Algunas de esas chicas han logrado darse de alta en formaciones online, pero no todas pueden porque no tienen internet: «Hay muy pocas maneras de seguir y ellas lo saben. Están muy deprimidas. Sienten que, una vez más, las mujeres afganas hemos perdido. No hay que olvidar que son chicas muy jóvenes, necesitan estar activas, salir de casa, ir a algún sitio para estudiar o trabajar. Hacer algo con sus vidas».
Hay momentos en los que se reprocha haber vuelto. Se dice a sí misma que debió quedarse en EE UU, donde terminó su formación. Con su hermano pasa las horas ideando vías de escape, fórmulas para dejar Afganistán y seguir estudiando en otro país europeo, quizá en Reino Unido.

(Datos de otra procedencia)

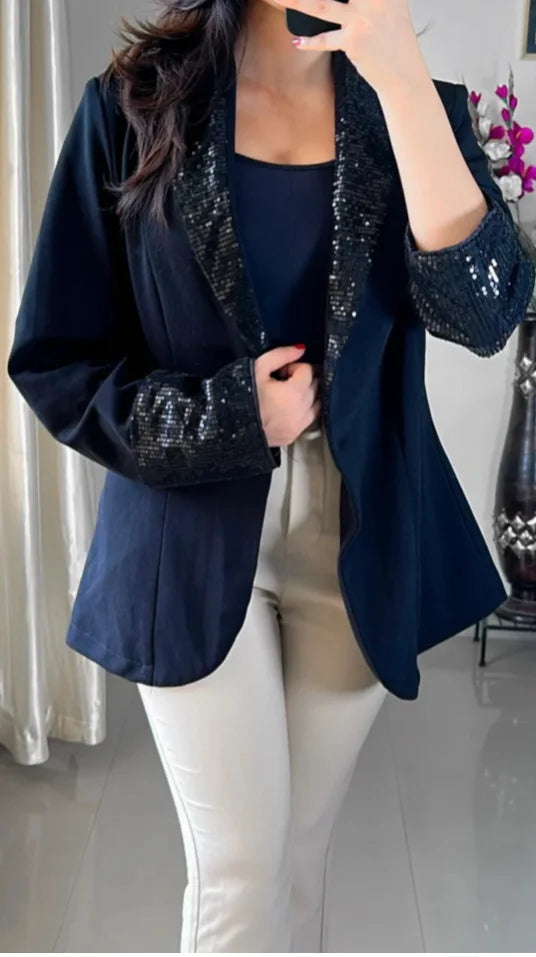 Black Shimmer Blazer- B6
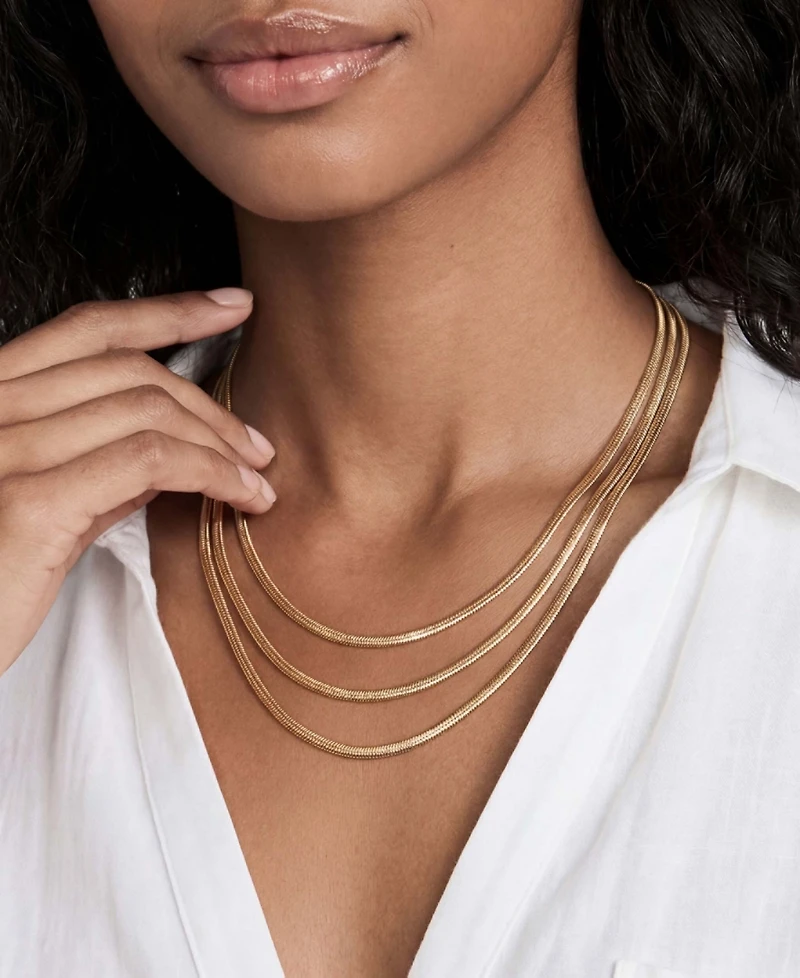 Ettika 18k Gold-Tone Triple Snake Chain Necklace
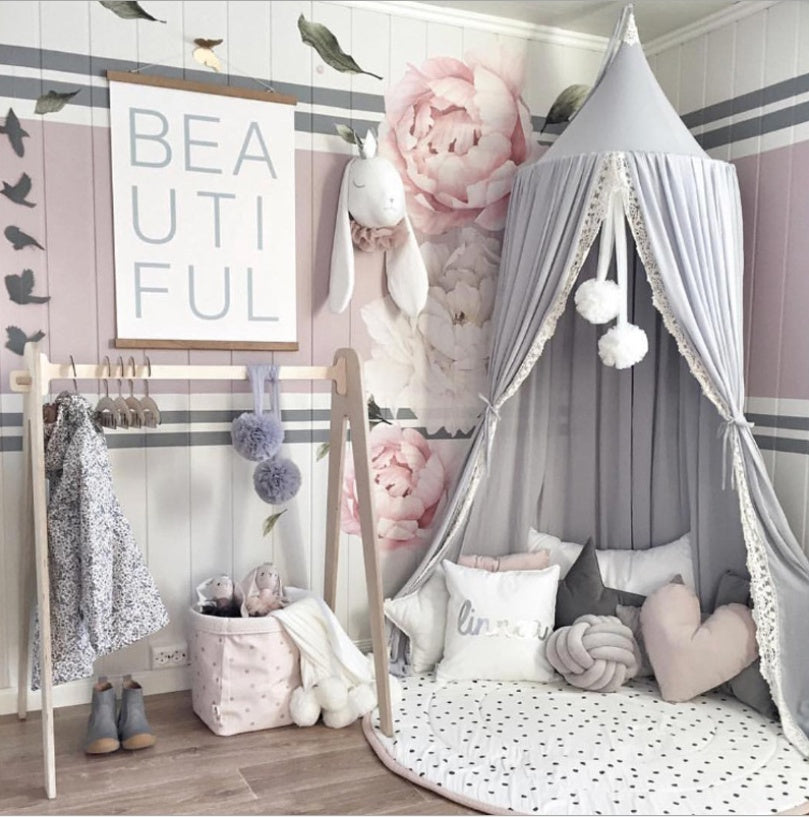 HKM-780627 Children's Chiffon Lace Mosquito Net Tent - Pink, Gray, and White, 60cm Diameter, 240cm Height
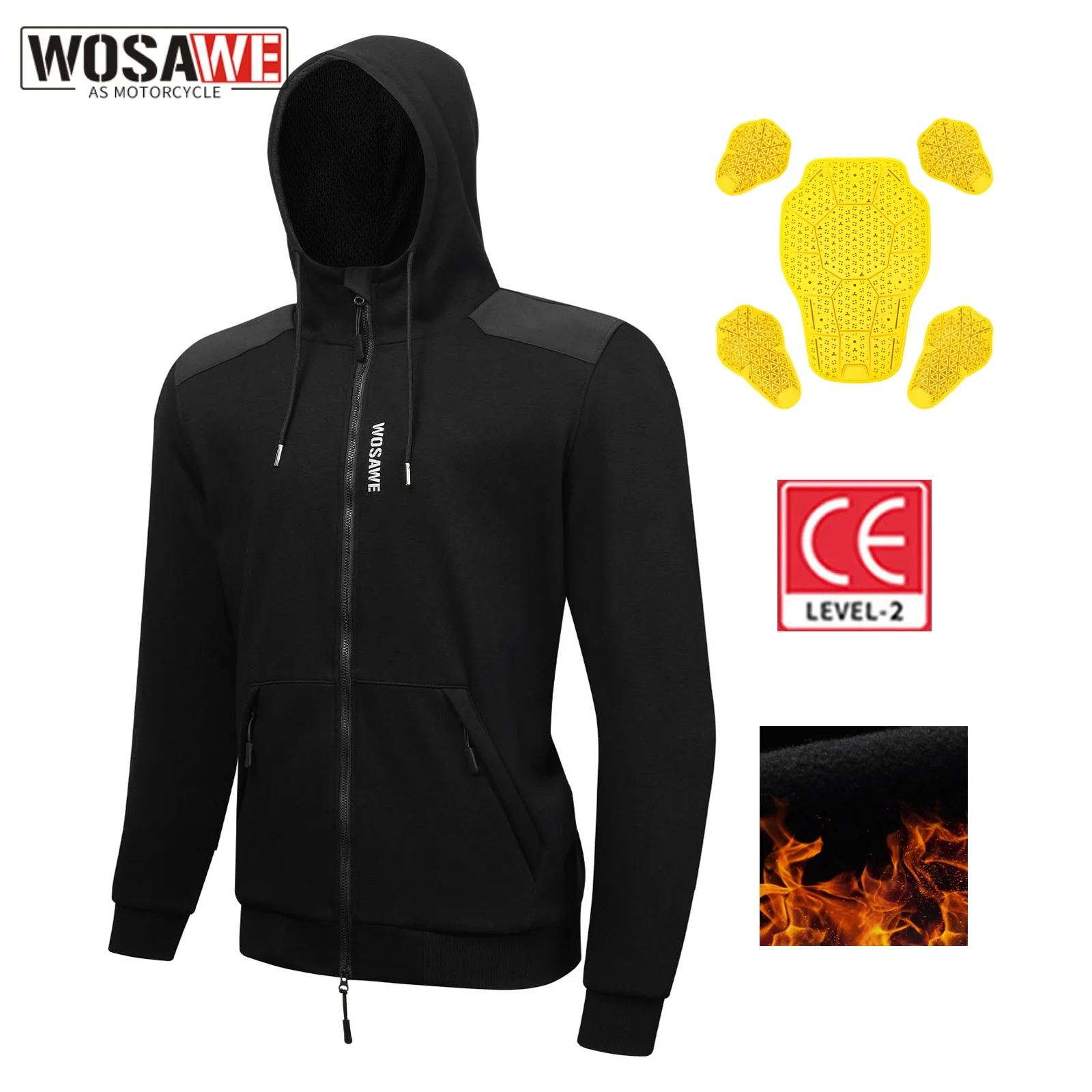 

WOSAWE Motorcycle Jacket Riding Protective Hoodie Sweatshirts Autumn Winter Motocross Riding Off Road Hooded Coat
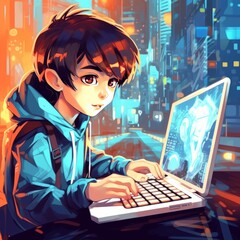 Illustration, Animation, Graphic: Smiling Boy Using Technology, Joy of Learning on Laptop, Computer, Child laptop user, Happy Boy with Remote Learning, Youth and Technology, schoolboy, pupil, student 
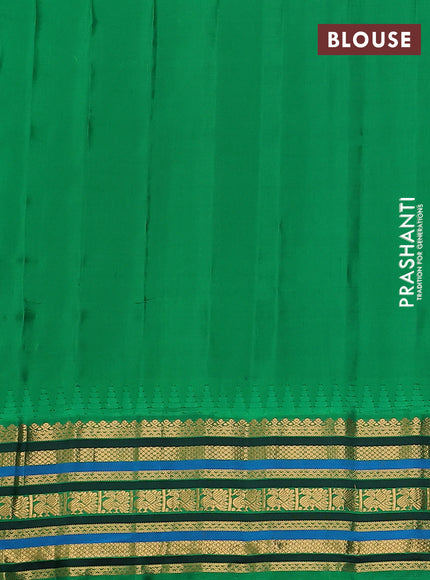 Pure gadwal silk saree deep wine shade and green with annam zari woven buttas and temple design zari woven border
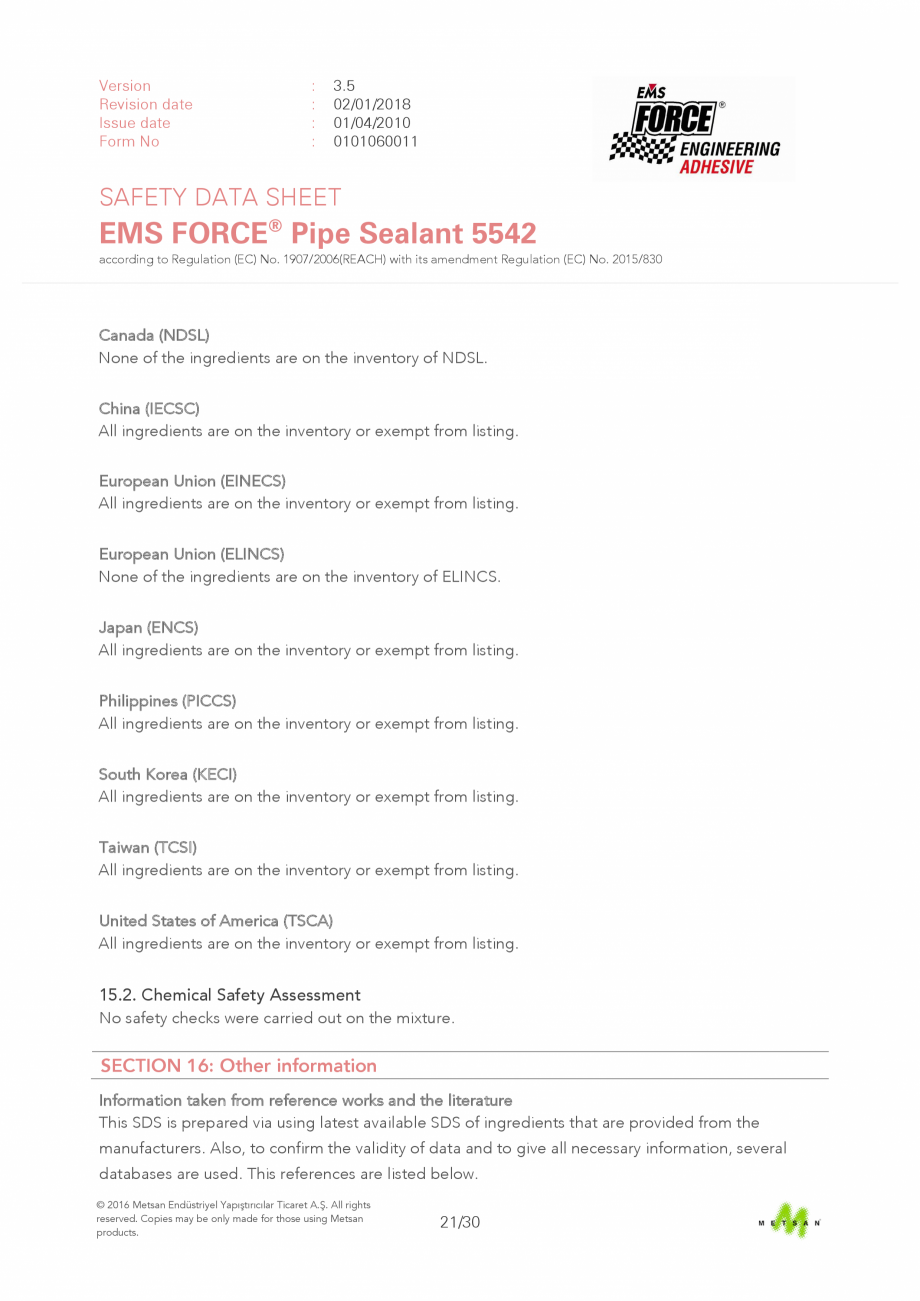 Pagina 21 - Prezentare produs - Adeziv etansare filete metalice EMS FORCE EMS FORCE 5542 Catalog,...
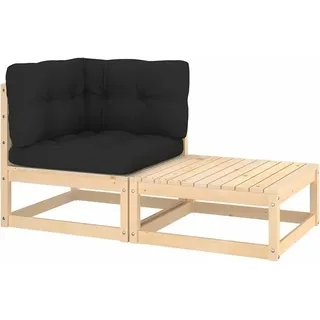 2-TLG. Garten-Lounge-Set mit Kissen, Lounge Gartenmöbel Set, Terassenmöbel Wetterfest, Gartenlounge, Balkon Möbel, Garten Loungemöbel Set, Garten Sitzgruppe, Massivholz Kiefer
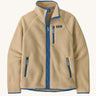 Patagonia Men's thick fleece jacket in a tan colour with blue trim. Features a full length front zip, side pockets and a zipped pocket.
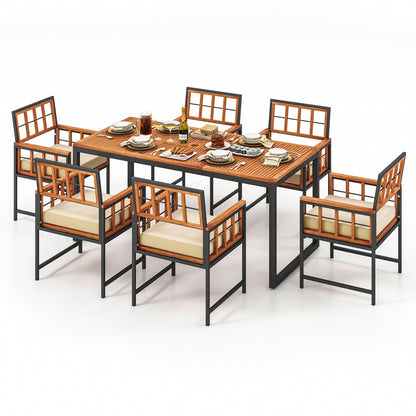 7 Pieces Patio Acacia Wood Dining Set with Soft Cushions and Umbrella Hole, Natural Patio Dining Sets at Gallery Canada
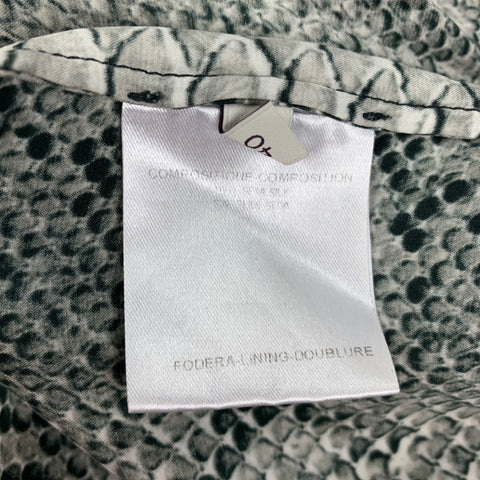 STELLA McCARTNEY Size 4 Green Cream Silk Snake Skin Print Casual Top
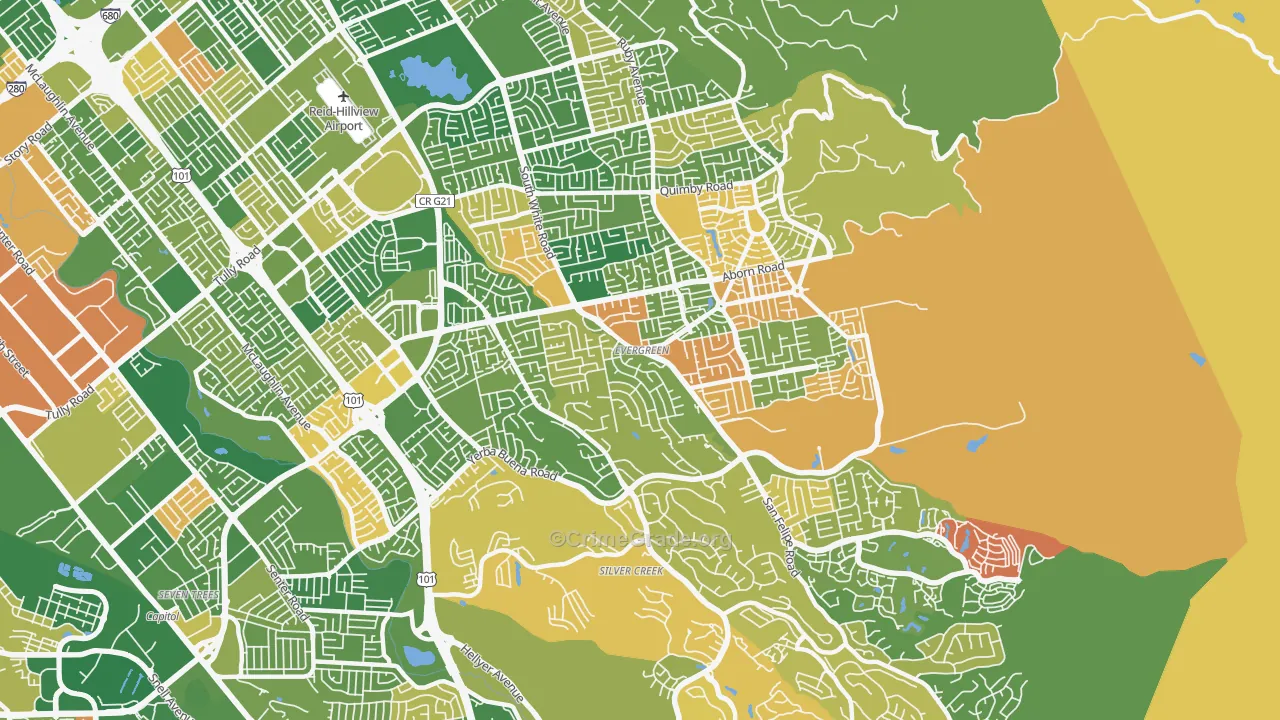 Evergreen, San Jose, CA Map of Arson Rates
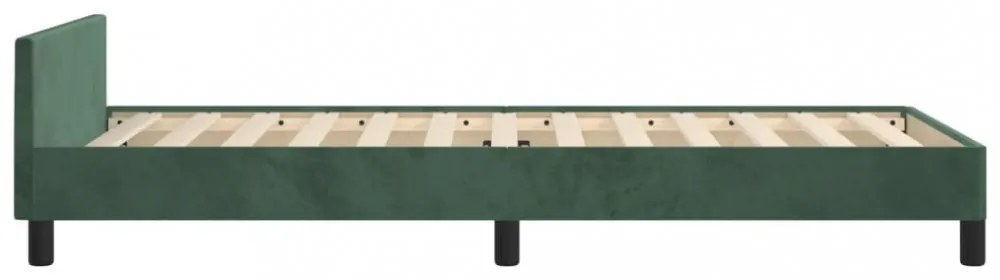 sötétzöld bársony ágykeret matrac nélkül 100x200 cm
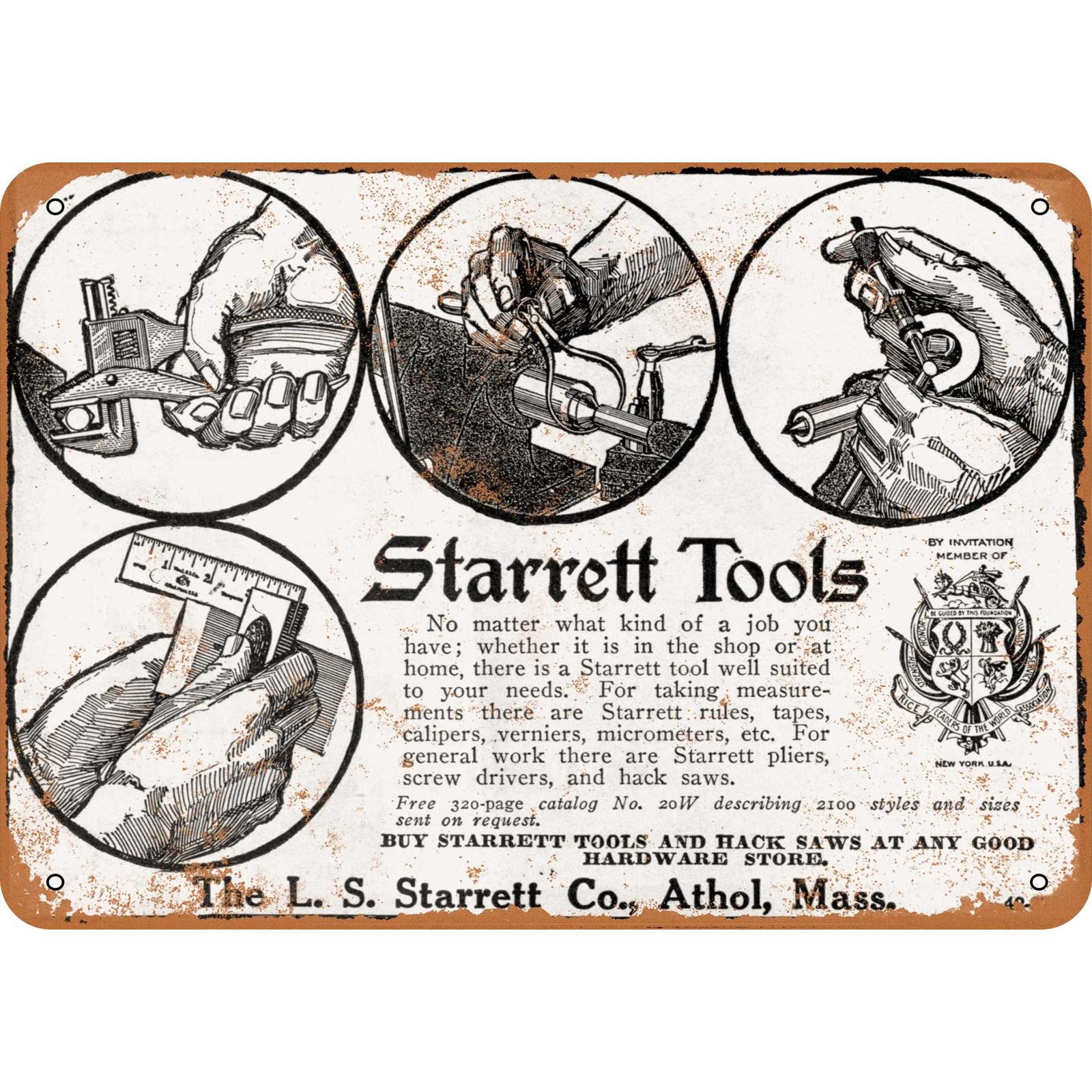 

1915 Starrett Tools Vintage Metal Sign HeavyDuty Iron Construction Antique Tool Catalog Replica with Tool Diagrams Garage 20x30cm（7.8x11.8inch）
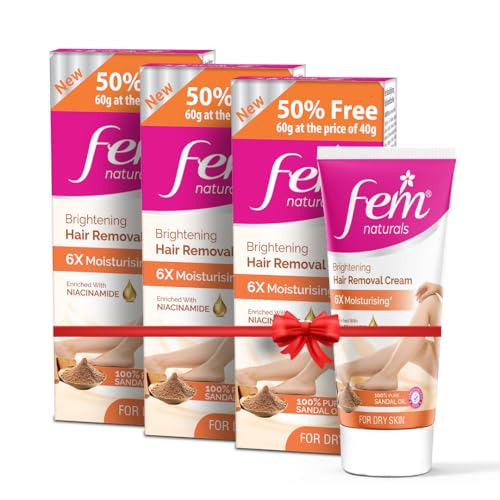 Fem Fairness Naturals Sandal Hair Removal Cream - 180g (120g + 60g Free) | For Dry skin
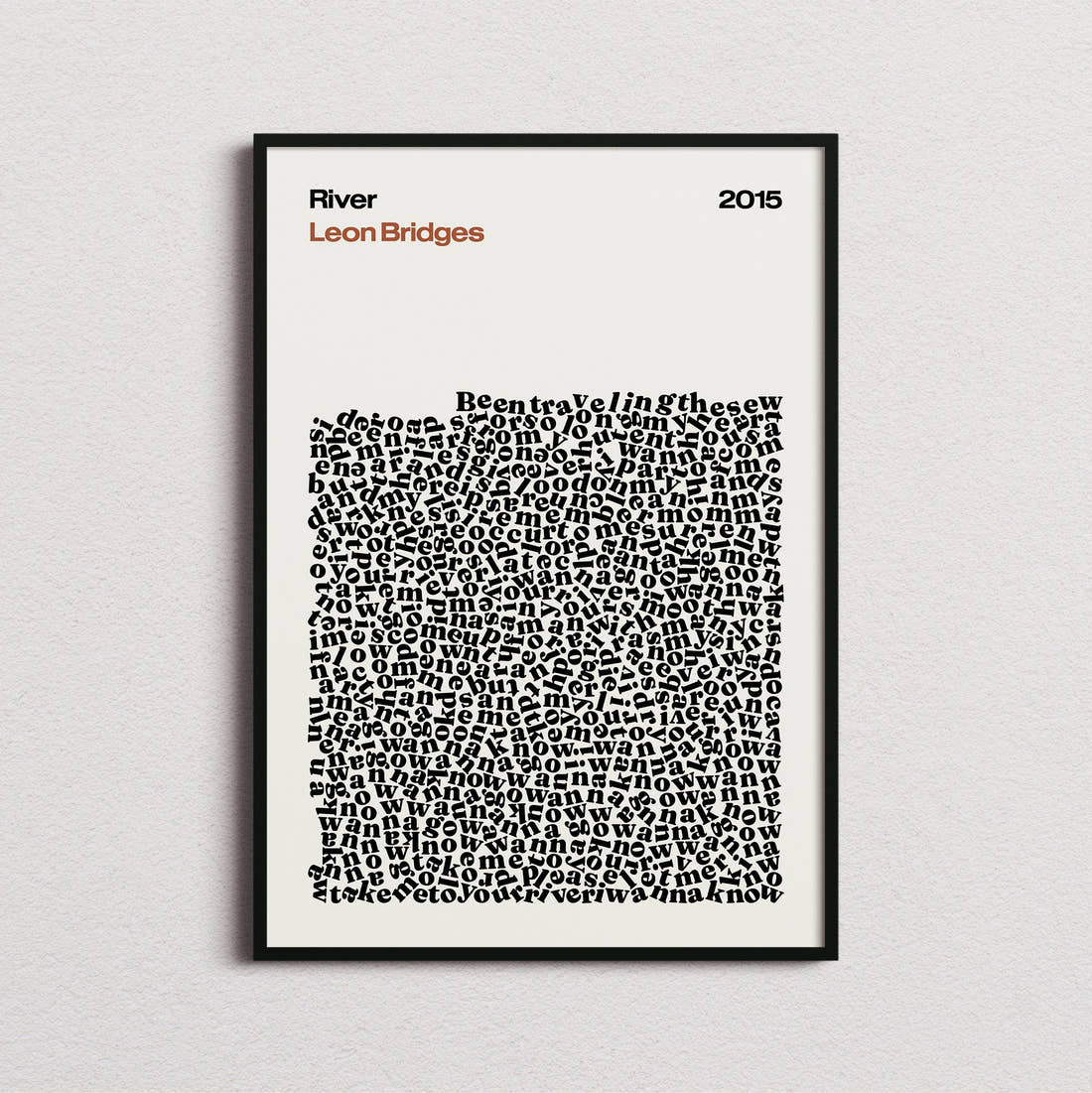 Leon Bridges River Lyric Print in the cream colourway, framed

Su familia, muy bien avenida, se tira días enteros hablando de lo único. Comen juntos y repasan lo que está ocurriendo, se entretienen con juegos de mesa, ven la tele, planean qué hacer, cómo escapar y continuar con su vida.
Yalda Kohi no carga contra el resto del mundo por haberlas abandonado porque «sabemos que hay muchas mujeres que nos defienden en la ONU para que continúen las ayudas que nos mantienen con vida». Tampoco echa de menos más apoyo de los hombres en su país: «Los chicos han sido educados de otra manera, tienen la mente abierta y no están de acuerdo con lo que está pasando, pero no pueden levantar la voz porque sus vidas están también en juego. Como las nuestras. Si dicen algo, los persiguen, los capturan y los encarcelan o los hacen desaparecer. No pueden hacer otra cosa».